══ MATERIAL FOR THIS TASK ══

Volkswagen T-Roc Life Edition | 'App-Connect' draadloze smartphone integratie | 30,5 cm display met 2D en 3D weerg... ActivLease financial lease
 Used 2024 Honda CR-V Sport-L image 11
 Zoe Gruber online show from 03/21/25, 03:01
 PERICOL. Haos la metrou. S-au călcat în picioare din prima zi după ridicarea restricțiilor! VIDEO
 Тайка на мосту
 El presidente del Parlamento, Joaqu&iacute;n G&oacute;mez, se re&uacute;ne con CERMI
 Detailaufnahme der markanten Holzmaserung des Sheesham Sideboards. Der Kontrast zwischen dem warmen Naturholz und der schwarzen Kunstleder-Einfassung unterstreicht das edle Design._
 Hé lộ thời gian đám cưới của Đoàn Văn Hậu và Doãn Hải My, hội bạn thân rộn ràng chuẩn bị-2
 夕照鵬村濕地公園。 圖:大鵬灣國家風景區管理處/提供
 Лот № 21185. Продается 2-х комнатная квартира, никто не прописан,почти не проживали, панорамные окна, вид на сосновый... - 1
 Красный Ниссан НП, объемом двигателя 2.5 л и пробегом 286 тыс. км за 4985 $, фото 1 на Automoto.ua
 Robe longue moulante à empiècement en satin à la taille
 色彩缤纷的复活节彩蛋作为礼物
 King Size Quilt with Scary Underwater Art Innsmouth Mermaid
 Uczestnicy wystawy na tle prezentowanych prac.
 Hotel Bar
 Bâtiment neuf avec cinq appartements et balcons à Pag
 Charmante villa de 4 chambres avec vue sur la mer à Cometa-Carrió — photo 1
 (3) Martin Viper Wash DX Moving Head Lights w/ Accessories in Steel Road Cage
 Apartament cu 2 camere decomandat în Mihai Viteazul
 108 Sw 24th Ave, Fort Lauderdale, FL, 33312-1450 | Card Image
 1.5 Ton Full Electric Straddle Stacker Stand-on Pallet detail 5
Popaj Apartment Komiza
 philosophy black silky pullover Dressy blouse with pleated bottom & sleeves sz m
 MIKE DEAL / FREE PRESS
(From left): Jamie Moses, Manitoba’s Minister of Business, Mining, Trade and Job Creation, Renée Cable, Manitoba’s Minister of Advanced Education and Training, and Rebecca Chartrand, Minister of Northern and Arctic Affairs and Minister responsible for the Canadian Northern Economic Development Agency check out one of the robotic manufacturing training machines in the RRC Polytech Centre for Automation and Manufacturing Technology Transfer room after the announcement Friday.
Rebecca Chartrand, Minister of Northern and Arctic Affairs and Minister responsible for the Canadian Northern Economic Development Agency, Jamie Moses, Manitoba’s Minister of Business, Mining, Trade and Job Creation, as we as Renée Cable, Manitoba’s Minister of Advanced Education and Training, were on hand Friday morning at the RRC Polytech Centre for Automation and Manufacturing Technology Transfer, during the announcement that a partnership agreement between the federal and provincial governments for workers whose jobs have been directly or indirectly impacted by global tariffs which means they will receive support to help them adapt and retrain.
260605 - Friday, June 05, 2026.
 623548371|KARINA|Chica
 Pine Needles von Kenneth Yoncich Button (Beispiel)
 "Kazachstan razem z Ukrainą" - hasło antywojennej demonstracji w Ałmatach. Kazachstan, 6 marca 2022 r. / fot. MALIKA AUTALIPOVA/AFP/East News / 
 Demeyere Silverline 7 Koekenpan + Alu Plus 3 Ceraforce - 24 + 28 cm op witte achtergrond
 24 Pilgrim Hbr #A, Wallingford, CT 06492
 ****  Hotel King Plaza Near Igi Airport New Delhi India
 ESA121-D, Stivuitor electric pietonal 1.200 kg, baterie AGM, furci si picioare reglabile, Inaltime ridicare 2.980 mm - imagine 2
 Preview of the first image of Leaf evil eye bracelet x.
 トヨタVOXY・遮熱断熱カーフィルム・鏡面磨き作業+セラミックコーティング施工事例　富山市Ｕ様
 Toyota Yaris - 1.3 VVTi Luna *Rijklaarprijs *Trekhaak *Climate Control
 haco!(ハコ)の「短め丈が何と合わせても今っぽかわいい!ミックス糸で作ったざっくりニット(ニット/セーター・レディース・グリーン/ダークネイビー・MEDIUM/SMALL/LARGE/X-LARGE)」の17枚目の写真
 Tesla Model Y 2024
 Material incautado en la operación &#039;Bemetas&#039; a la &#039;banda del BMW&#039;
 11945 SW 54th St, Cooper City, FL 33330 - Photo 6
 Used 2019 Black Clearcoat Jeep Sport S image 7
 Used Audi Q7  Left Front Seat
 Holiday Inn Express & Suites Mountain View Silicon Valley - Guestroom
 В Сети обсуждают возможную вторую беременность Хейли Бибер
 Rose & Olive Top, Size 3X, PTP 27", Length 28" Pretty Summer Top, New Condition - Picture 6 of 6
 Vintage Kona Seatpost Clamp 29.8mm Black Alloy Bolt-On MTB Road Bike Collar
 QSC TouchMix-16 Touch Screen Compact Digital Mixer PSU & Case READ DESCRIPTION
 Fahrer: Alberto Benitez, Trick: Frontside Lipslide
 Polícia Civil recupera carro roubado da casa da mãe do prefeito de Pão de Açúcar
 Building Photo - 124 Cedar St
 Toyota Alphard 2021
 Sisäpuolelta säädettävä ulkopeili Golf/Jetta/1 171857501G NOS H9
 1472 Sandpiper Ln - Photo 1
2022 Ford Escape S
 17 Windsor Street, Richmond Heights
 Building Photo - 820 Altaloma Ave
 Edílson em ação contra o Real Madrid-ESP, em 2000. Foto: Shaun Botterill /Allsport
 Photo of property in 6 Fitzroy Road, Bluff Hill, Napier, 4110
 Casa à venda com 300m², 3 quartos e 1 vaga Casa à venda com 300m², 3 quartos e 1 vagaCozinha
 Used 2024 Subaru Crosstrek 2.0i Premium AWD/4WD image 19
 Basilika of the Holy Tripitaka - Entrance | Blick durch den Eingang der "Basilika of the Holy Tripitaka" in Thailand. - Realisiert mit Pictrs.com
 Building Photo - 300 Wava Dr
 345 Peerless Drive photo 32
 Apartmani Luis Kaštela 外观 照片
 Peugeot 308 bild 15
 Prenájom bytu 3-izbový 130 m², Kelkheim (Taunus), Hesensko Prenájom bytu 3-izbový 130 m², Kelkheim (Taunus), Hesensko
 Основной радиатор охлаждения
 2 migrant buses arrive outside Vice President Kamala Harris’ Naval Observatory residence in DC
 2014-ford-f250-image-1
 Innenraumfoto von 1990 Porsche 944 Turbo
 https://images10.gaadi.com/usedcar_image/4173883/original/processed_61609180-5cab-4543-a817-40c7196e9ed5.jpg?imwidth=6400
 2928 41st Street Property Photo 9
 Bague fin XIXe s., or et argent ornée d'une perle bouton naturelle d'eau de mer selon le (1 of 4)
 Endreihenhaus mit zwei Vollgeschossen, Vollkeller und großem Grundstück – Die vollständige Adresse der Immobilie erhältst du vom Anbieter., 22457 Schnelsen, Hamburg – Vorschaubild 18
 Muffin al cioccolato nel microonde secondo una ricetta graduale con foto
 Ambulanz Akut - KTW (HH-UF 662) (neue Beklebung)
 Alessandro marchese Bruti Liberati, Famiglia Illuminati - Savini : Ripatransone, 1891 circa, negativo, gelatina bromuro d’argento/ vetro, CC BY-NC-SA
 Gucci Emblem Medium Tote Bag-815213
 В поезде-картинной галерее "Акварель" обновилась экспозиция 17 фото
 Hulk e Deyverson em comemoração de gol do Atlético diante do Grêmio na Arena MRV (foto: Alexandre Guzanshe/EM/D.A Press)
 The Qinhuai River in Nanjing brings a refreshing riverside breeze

═══

> [ABOUT THIS TASK]
Return the records in full. Omit nothing.

> [TASK RESULT]
Volkswagen T-Roc Life Edition | 'App-Connect' draadloze smartphone integratie | 30,5 cm display met 2D en 3D weerg... ActivLease financial lease
 Used 2024 Honda CR-V Sport-L image 11
 Zoe Gruber online show from 03/21/25, 03:01
 PERICOL. Haos la metrou. S-au călcat în picioare din prima zi după ridicarea restricțiilor! VIDEO
 Тайка на мосту
 El presidente del Parlamento, Joaqu&iacute;n G&oacute;mez, se re&uacute;ne con CERMI
 Detailaufnahme der markanten Holzmaserung des Sheesham Sideboards. Der Kontrast zwischen dem warmen Naturholz und der schwarzen Kunstleder-Einfassung unterstreicht das edle Design._
 Hé lộ thời gian đám cưới của Đoàn Văn Hậu và Doãn Hải My, hội bạn thân rộn ràng chuẩn bị-2
 夕照鵬村濕地公園。 圖:大鵬灣國家風景區管理處/提供
 Лот № 21185. Продается 2-х комнатная квартира, никто не прописан,почти не проживали, панорамные окна, вид на сосновый... - 1
 Красный Ниссан НП, объемом двигателя 2.5 л и пробегом 286 тыс. км за 4985 $, фото 1 на Automoto.ua
 Robe longue moulante à empiècement en satin à la taille
 色彩缤纷的复活节彩蛋作为礼物
 King Size Quilt with Scary Underwater Art Innsmouth Mermaid
 Uczestnicy wystawy na tle prezentowanych prac.
 Hotel Bar
 Bâtiment neuf avec cinq appartements et balcons à Pag
 Charmante villa de 4 chambres avec vue sur la mer à Cometa-Carrió — photo 1
 (3) Martin Viper Wash DX Moving Head Lights w/ Accessories in Steel Road Cage
 Apartament cu 2 camere decomandat în Mihai Viteazul
 108 Sw 24th Ave, Fort Lauderdale, FL, 33312-1450 | Card Image
 1.5 Ton Full Electric Straddle Stacker Stand-on Pallet detail 5
Popaj Apartment Komiza
 philosophy black silky pullover Dressy blouse with pleated bottom & sleeves sz m
 MIKE DEAL / FREE PRESS
(From left): Jamie Moses, Manitoba’s Minister of Business, Mining, Trade and Job Creation, Renée Cable, Manitoba’s Minister of Advanced Education and Training, and Rebecca Chartrand, Minister of Northern and Arctic Affairs and Minister responsible for the Canadian Northern Economic Development Agency check out one of the robotic manufacturing training machines in the RRC Polytech Centre for Automation and Manufacturing Technology Transfer room after the announcement Friday.
Rebecca Chartrand, Minister of Northern and Arctic Affairs and Minister responsible for the Canadian Northern Economic Development Agency, Jamie Moses, Manitoba’s Minister of Business, Mining, Trade and Job Creation, as we as Renée Cable, Manitoba’s Minister of Advanced Education and Training, were on hand Friday morning at the RRC Polytech Centre for Automation and Manufacturing Technology Transfer, during the announcement that a partnership agreement between the federal and provincial governments for workers whose jobs have been directly or indirectly impacted by global tariffs which means they will receive support to help them adapt and retrain.
260605 - Friday, June 05, 2026.
 623548371|KARINA|Chica
 Pine Needles von Kenneth Yoncich Button (Beispiel)
 "Kazachstan razem z Ukrainą" - hasło antywojennej demonstracji w Ałmatach. Kazachstan, 6 marca 2022 r. / fot. MALIKA AUTALIPOVA/AFP/East News / 
 Demeyere Silverline 7 Koekenpan + Alu Plus 3 Ceraforce - 24 + 28 cm op witte achtergrond
 24 Pilgrim Hbr #A, Wallingford, CT 06492
 ****  Hotel King Plaza Near Igi Airport New Delhi India
 ESA121-D, Stivuitor electric pietonal 1.200 kg, baterie AGM, furci si picioare reglabile, Inaltime ridicare 2.980 mm - imagine 2
 Preview of the first image of Leaf evil eye bracelet x.
 トヨタVOXY・遮熱断熱カーフィルム・鏡面磨き作業+セラミックコーティング施工事例　富山市Ｕ様
 Toyota Yaris - 1.3 VVTi Luna *Rijklaarprijs *Trekhaak *Climate Control
 haco!(ハコ)の「短め丈が何と合わせても今っぽかわいい!ミックス糸で作ったざっくりニット(ニット/セーター・レディース・グリーン/ダークネイビー・MEDIUM/SMALL/LARGE/X-LARGE)」の17枚目の写真
 Tesla Model Y 2024
 Material incautado en la operación &#039;Bemetas&#039; a la &#039;banda del BMW&#039;
 11945 SW 54th St, Cooper City, FL 33330 - Photo 6
 Used 2019 Black Clearcoat Jeep Sport S image 7
 Used Audi Q7  Left Front Seat
 Holiday Inn Express & Suites Mountain View Silicon Valley - Guestroom
 В Сети обсуждают возможную вторую беременность Хейли Бибер
 Rose & Olive Top, Size 3X, PTP 27", Length 28" Pretty Summer Top, New Condition - Picture 6 of 6
 Vintage Kona Seatpost Clamp 29.8mm Black Alloy Bolt-On MTB Road Bike Collar
 QSC TouchMix-16 Touch Screen Compact Digital Mixer PSU & Case READ DESCRIPTION
 Fahrer: Alberto Benitez, Trick: Frontside Lipslide
 Polícia Civil recupera carro roubado da casa da mãe do prefeito de Pão de Açúcar
 Building Photo - 124 Cedar St
 Toyota Alphard 2021
 Sisäpuolelta säädettävä ulkopeili Golf/Jetta/1 171857501G NOS H9
 1472 Sandpiper Ln - Photo 1
2022 Ford Escape S
 17 Windsor Street, Richmond Heights
 Building Photo - 820 Altaloma Ave
 Edílson em ação contra o Real Madrid-ESP, em 2000. Foto: Shaun Botterill /Allsport
 Photo of property in 6 Fitzroy Road, Bluff Hill, Napier, 4110
 Casa à venda com 300m², 3 quartos e 1 vaga Casa à venda com 300m², 3 quartos e 1 vagaCozinha
 Used 2024 Subaru Crosstrek 2.0i Premium AWD/4WD image 19
 Basilika of the Holy Tripitaka - Entrance | Blick durch den Eingang der "Basilika of the Holy Tripitaka" in Thailand. - Realisiert mit Pictrs.com
 Building Photo - 300 Wava Dr
 345 Peerless Drive photo 32
 Apartmani Luis Kaštela 外观 照片
 Peugeot 308 bild 15
 Prenájom bytu 3-izbový 130 m², Kelkheim (Taunus), Hesensko Prenájom bytu 3-izbový 130 m², Kelkheim (Taunus), Hesensko
 Основной радиатор охлаждения
 2 migrant buses arrive outside Vice President Kamala Harris’ Naval Observatory residence in DC
 2014-ford-f250-image-1
 Innenraumfoto von 1990 Porsche 944 Turbo
 https://images10.gaadi.com/usedcar_image/4173883/original/processed_61609180-5cab-4543-a817-40c7196e9ed5.jpg?imwidth=6400
 2928 41st Street Property Photo 9
 Bague fin XIXe s., or et argent ornée d'une perle bouton naturelle d'eau de mer selon le (1 of 4)
 Endreihenhaus mit zwei Vollgeschossen, Vollkeller und großem Grundstück – Die vollständige Adresse der Immobilie erhältst du vom Anbieter., 22457 Schnelsen, Hamburg – Vorschaubild 18
 Muffin al cioccolato nel microonde secondo una ricetta graduale con foto
 Ambulanz Akut - KTW (HH-UF 662) (neue Beklebung)
 Alessandro marchese Bruti Liberati, Famiglia Illuminati - Savini : Ripatransone, 1891 circa, negativo, gelatina bromuro d’argento/ vetro, CC BY-NC-SA
 Gucci Emblem Medium Tote Bag-815213
 В поезде-картинной галерее "Акварель" обновилась экспозиция 17 фото
 Hulk e Deyverson em comemoração de gol do Atlético diante do Grêmio na Arena MRV (foto: Alexandre Guzanshe/EM/D.A Press)
 The Qinhuai River in Nanjing brings a refreshing riverside breeze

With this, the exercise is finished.